Work to be completed>
Your copy of the listing should be exact and should contain no pictures.

Supplied data>
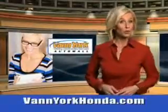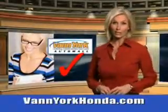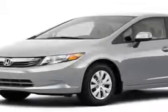Every year, more and more Triad buyers put Van York Honda on their shopping list. Check out this 2012 Honda Civic LX.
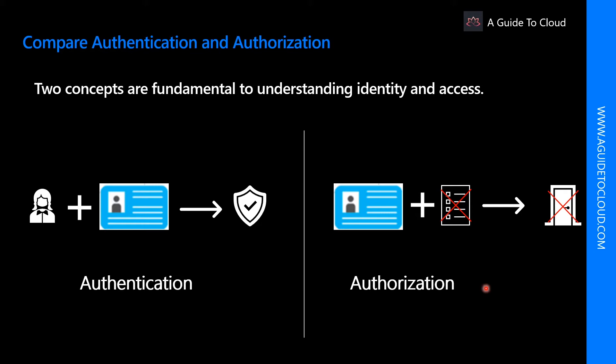Authorization is the process of establishing what level of access an authenticated person or service has. It specifies what data they are allowed to access and what they can do with it. Authentication is sometimes shortened as AuthN and authorization is sometimes shortened as AuthZ.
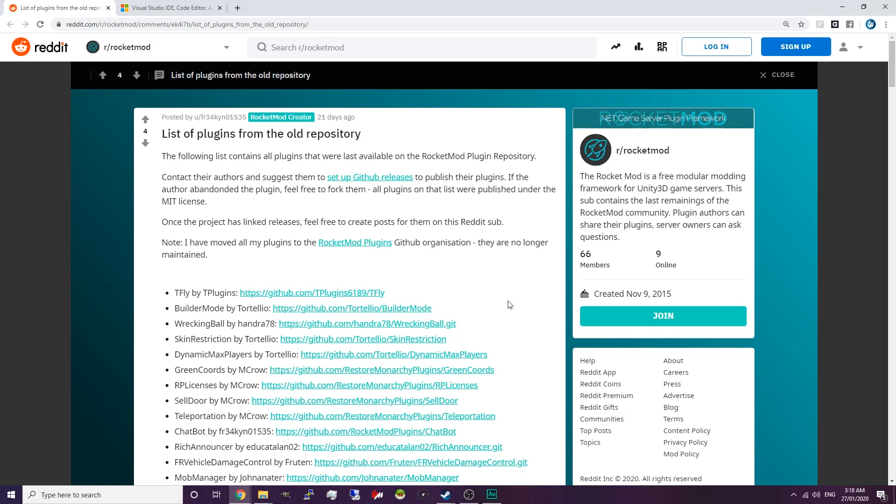Hey everyone, RocketMod just shut down and basically all the compiled plugins on their website have been taken down and are not available for download. So in this video I'm just going to show you how to compile them yourself, and that will enable you to actually use the plugins on an unturned server.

Exercise response>
Every year, more and more Triad buyers put Van York Honda on their shopping list. Check out this 2012 Honda Civic LX.
Authorization is the process of establishing what level of access an authenticated person or service has. It specifies what data they are allowed to access and what they can do with it. Authentication is sometimes shortened as AuthN and authorization is sometimes shortened as AuthZ.
Hey everyone, RocketMod just shut down and basically all the compiled plugins on their website have been taken down and are not available for download. So in this video I'm just going to show you how to compile them yourself, and that will enable you to actually use the plugins on an unturned server.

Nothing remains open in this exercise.